Uncertainty & Risk Communication Examples

Context Weaker Uncertainty Communication Improved Uncertainty Communication
AI model accuracy “The model is 95% accurate, so we are confident it can be used in production.” “In a sample of 10,000 cases like the ones we expect in production, the model would likely classify about 9,500 correctly and about 500 incorrectly. The larger concern is that about 120 of those errors are expected to be high-impact false approvals, so we recommend human review for those cases before full automation.”
Product launch risk “There is a low chance that the launch will create support issues.” “In the last 12 launches of similar size, 2 created a support backlog lasting more than one week. For this launch, we estimate the risk at roughly 10 to 20 out of 100 similar launches. We recommend proceeding, but only if temporary support coverage is confirmed before launch.”
Cybersecurity / fraud alerting “The system has a 2% false positive rate, which is acceptable.” “If the system reviews 50,000 login attempts per day, a 2% false positive rate means about 1,000 legitimate attempts per day may be challenged incorrectly. That may be acceptable for high-risk transactions, but too disruptive for routine logins. We recommend applying the stricter rule only to the riskiest 5,000 attempts.”
Forecasting revenue “We are moderately confident revenue will grow next quarter.” “Our forecast range is 3% to 7% growth, with the most likely outcome around 5%. In the last 20 quarterly forecasts, outcomes landed inside our predicted range 14 times. The main assumption is that renewal rates remain near their current level; if renewals fall below 88%, we should revise the forecast.”
Medical or benefits-style risk communication “This side effect is rare.” “For every 10,000 people who take this treatment, about 8 to 12 are expected to experience this side effect.
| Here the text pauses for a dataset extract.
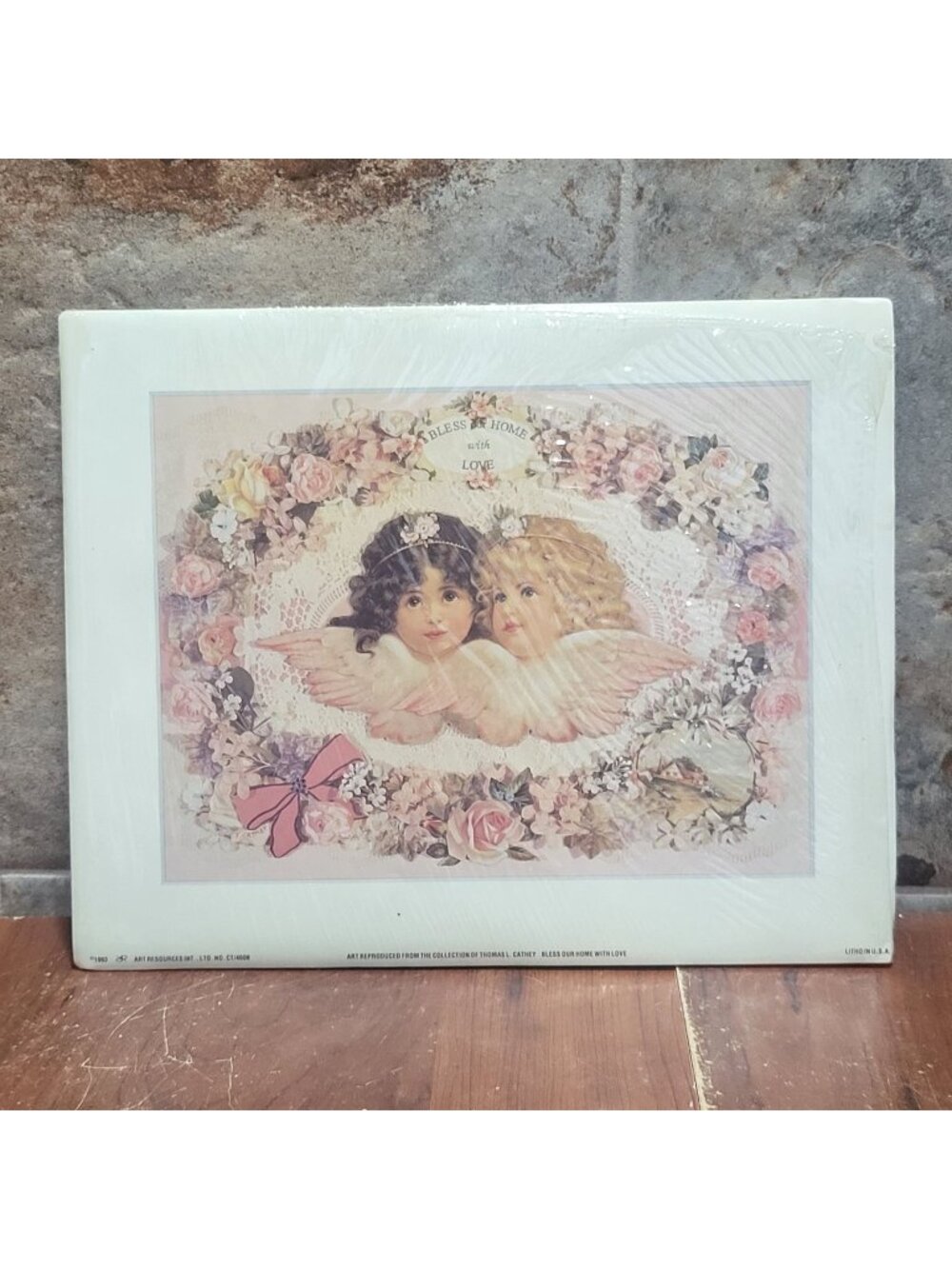 Vintage Unframed Bless Our Home with Love Art Print 1993 Thomas L Cathey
Without the treatment, about 2 to 3 out of 10,000 would experience a similar issue anyway. So the added risk is roughly 6 to 9 extra cases per 10,000 people treated.”

Decision Communication with Generative AI

Generative AI dramatically changes how software can handle decision communication because it can generate natural language explanations across any step of the decision process. In the recent past, Machine Learning systems or AI systems that pre-date Generative AI could usually communicate only basic components of a decision. For example, a Machine Learning system could output a probability, score, or label plus a few explainability metrics. However, it was still up to the data scientist or analyst to interpret those decision forecasts. Therefore, using Generative AI for decision communication can be a game changer.
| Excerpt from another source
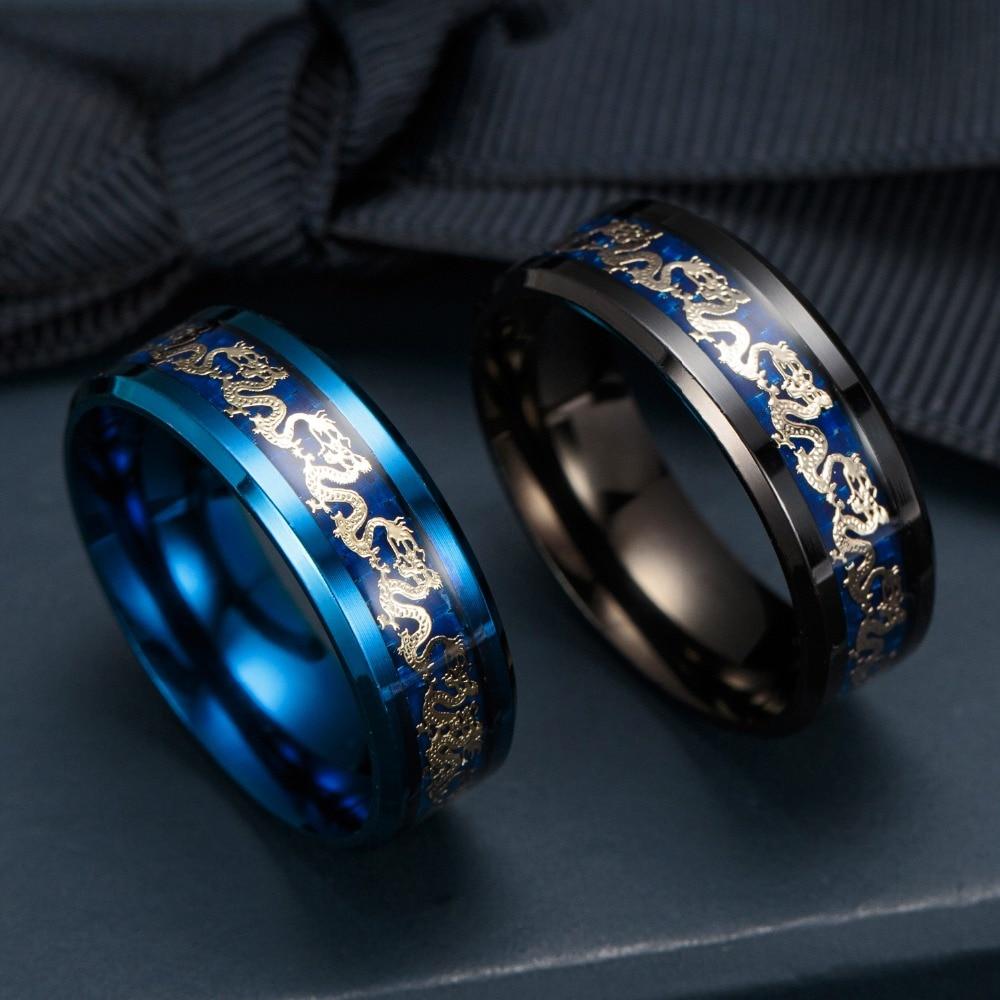 Unisex Dragon Ring in Titanium Steel - Celtic Design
Note the illustration below of a rain forecast. The panel on the left showcases a simple probability of rain, as a text-based decision recommendation cannot be generated simply with traditional Machine Learning models. Contrast this with the panel on the right which shows how Generative AI can easily generate the forecast and communicate a recommendation.

Generative AI can be given richer context about every step of the decision process. For communication, that is powerful because you can guide the model to use proven structures instead of rambling. For example, you can ask it to use answer-first structure like the Minto Pyramid (start with the main message, then supporting points, then evidence), or a bottom line up front (BLUF) style for busy readers. You can also tailor the same decision to different audiences: a direct, empathetic version for impacted employees; a short action-oriented version for managers; and a detailed quantitative version for executives. In practice, organizations can combine traditional analytics (like grouping employees into segments) with generative AI to produce messaging that is tailored to each group.

Generative AI also makes it easier to apply communication discipline consistently. A model can be instructed to communicate directly like Rasiah, structure the message top-down like the Minto Pyramid, or handle a difficult recommendation with SBIR. It can also generate multiple audience-specific versions of the same decision and explicitly communicate confidence, assumptions, and uncertainty instead of producing one generic answer.